* [COLLECTED MATERIAL]
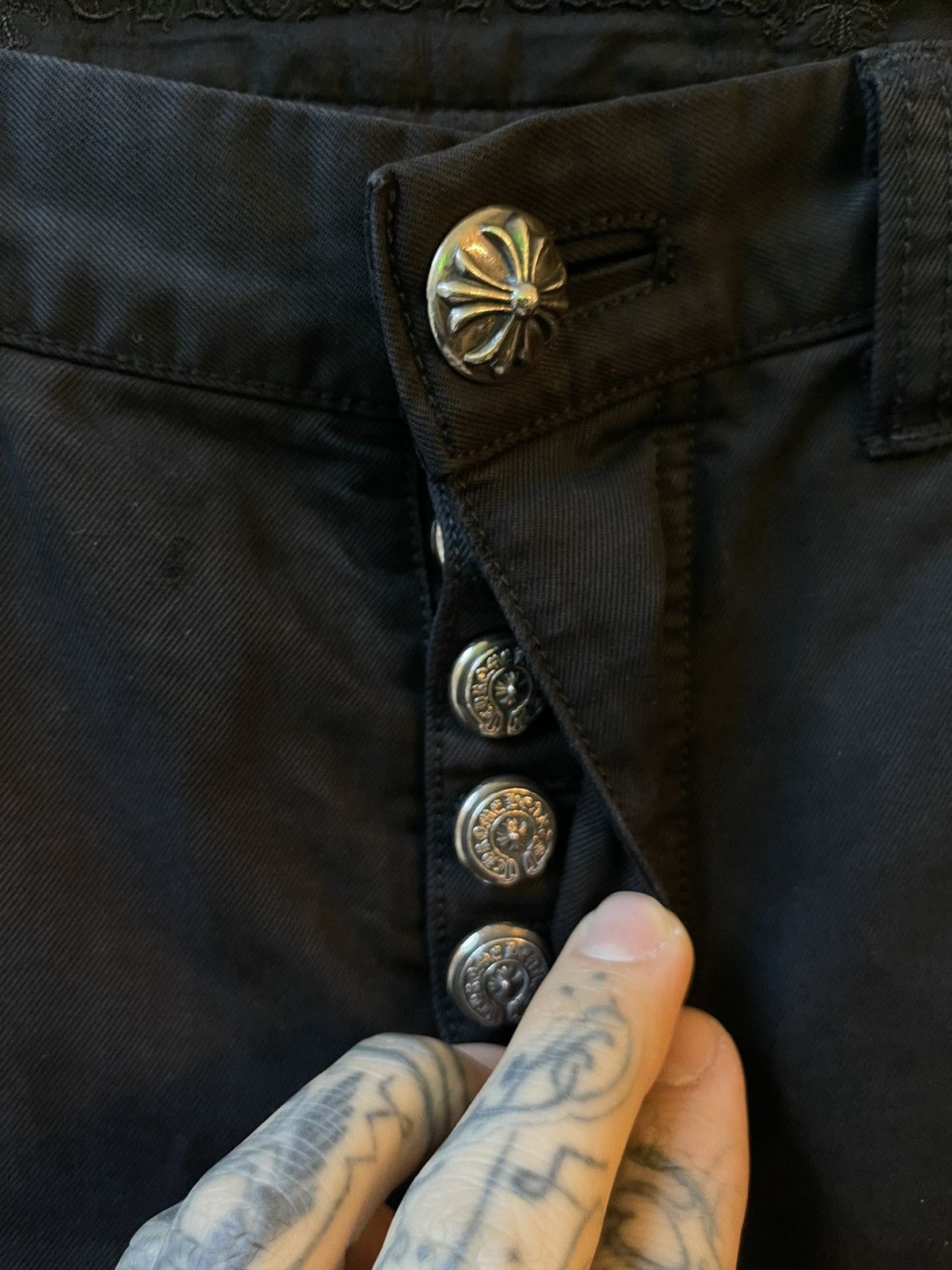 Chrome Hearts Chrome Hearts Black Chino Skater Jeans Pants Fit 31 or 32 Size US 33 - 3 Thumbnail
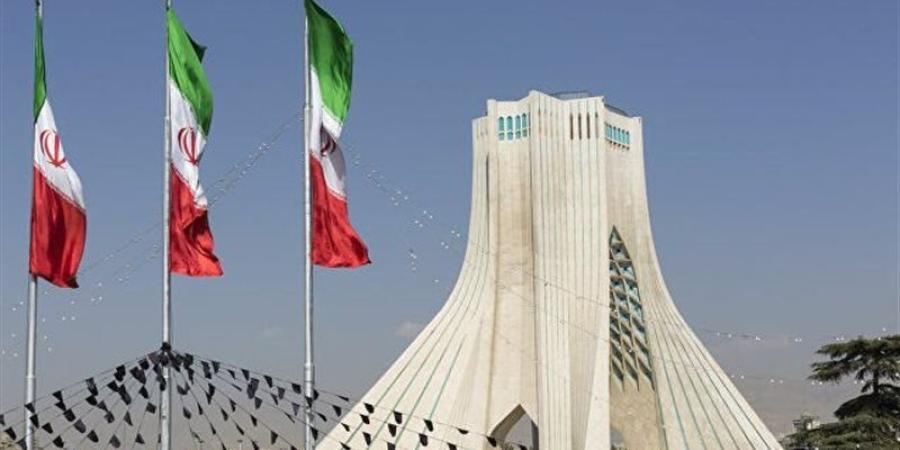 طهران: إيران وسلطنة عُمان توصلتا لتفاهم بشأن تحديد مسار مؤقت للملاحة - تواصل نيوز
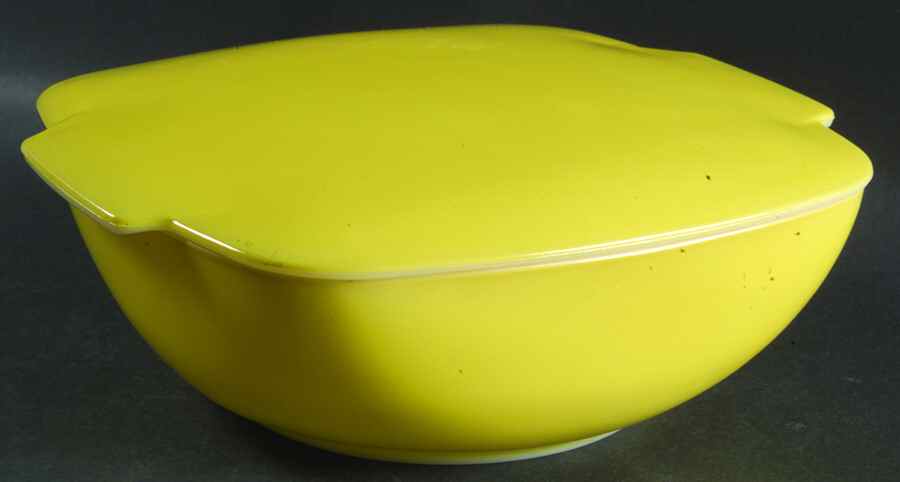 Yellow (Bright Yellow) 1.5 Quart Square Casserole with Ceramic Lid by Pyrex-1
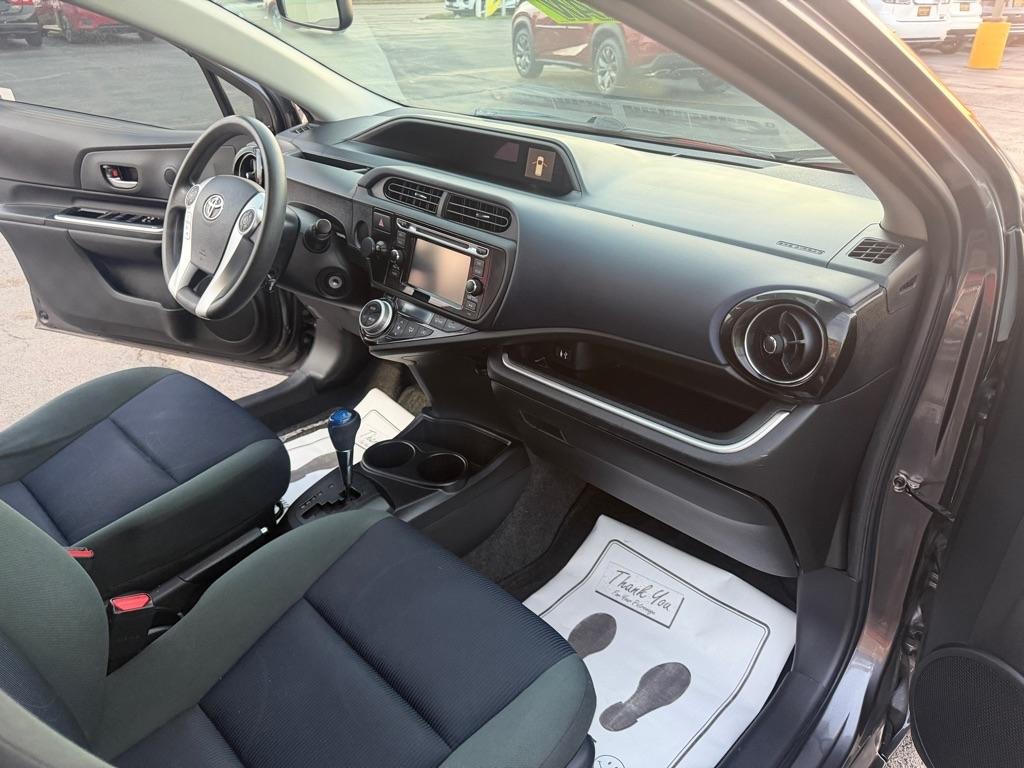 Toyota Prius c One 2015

* [TASK GOAL]
Transcribe, please, the lines from the one holding "طهران: إيران وسلطنة" to the final line of the material, both included, exactly and with no extra lines, and skip the pictures.

* [OUTPUT]
 طهران: إيران وسلطنة عُمان توصلتا لتفاهم بشأن تحديد مسار مؤقت للملاحة - تواصل نيوز
 Yellow (Bright Yellow) 1.5 Quart Square Casserole with Ceramic Lid by Pyrex-1
 Toyota Prius c One 2015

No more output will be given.